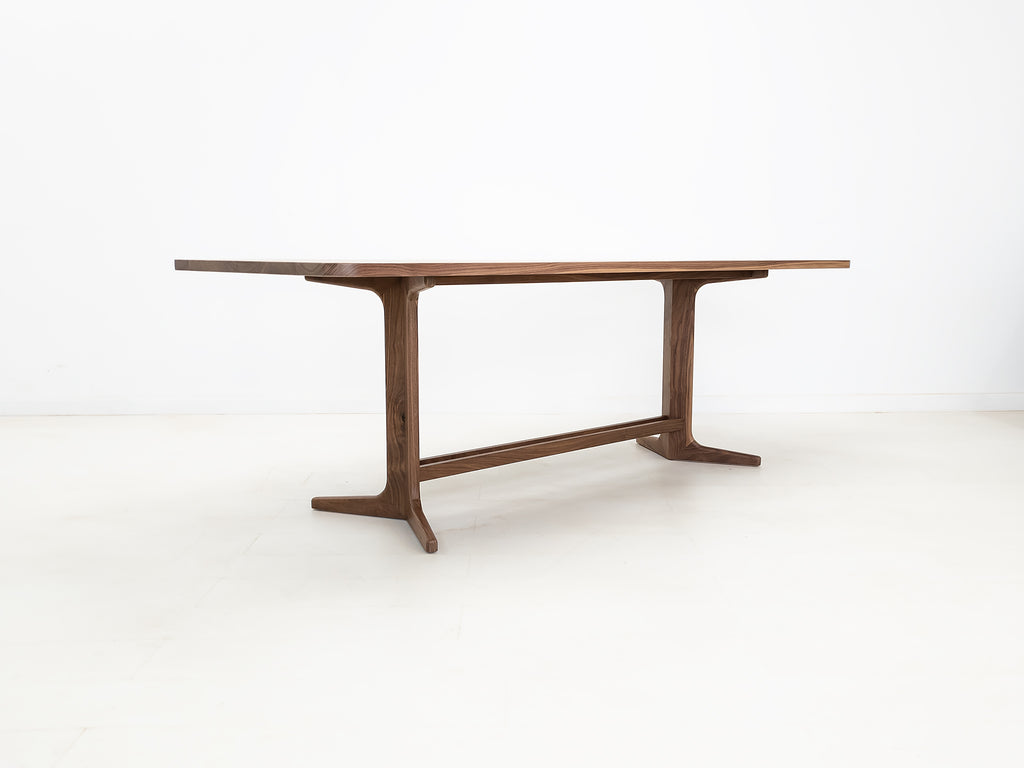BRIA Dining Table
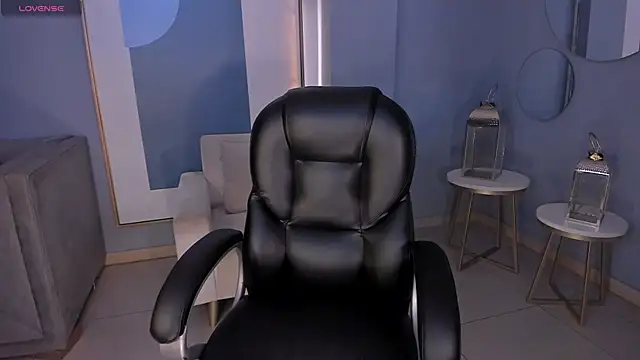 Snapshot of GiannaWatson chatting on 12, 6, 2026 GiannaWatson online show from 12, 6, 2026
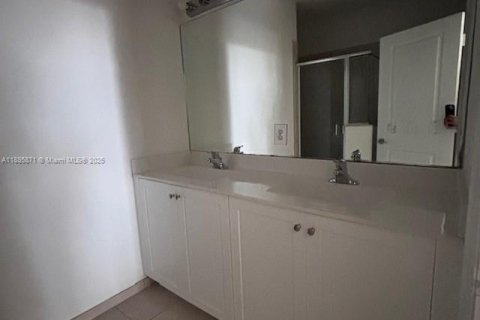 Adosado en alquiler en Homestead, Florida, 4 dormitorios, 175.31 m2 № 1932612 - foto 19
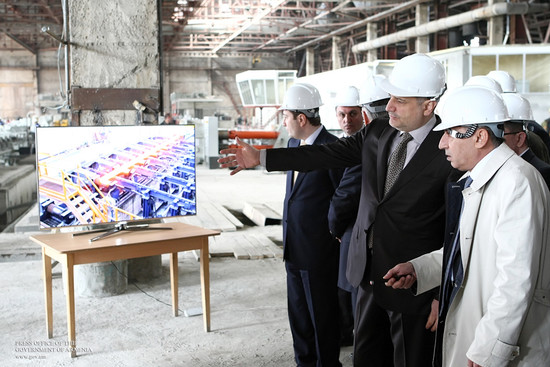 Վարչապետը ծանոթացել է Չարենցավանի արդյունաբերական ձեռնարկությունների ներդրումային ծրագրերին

> **Task requirements**:
Repeat nothing but the lines from the one containing "Snapshot of GiannaWatson" through the last line of the listing, both included, exactly as written, and omit any picture.

> **Written solution**:
 Snapshot of GiannaWatson chatting on 12, 6, 2026 GiannaWatson online show from 12, 6, 2026
 Adosado en alquiler en Homestead, Florida, 4 dormitorios, 175.31 m2 № 1932612 - foto 19
 Վարչապետը ծանոթացել է Չարենցավանի արդյունաբերական ձեռնարկությունների ներդրումային ծրագրերին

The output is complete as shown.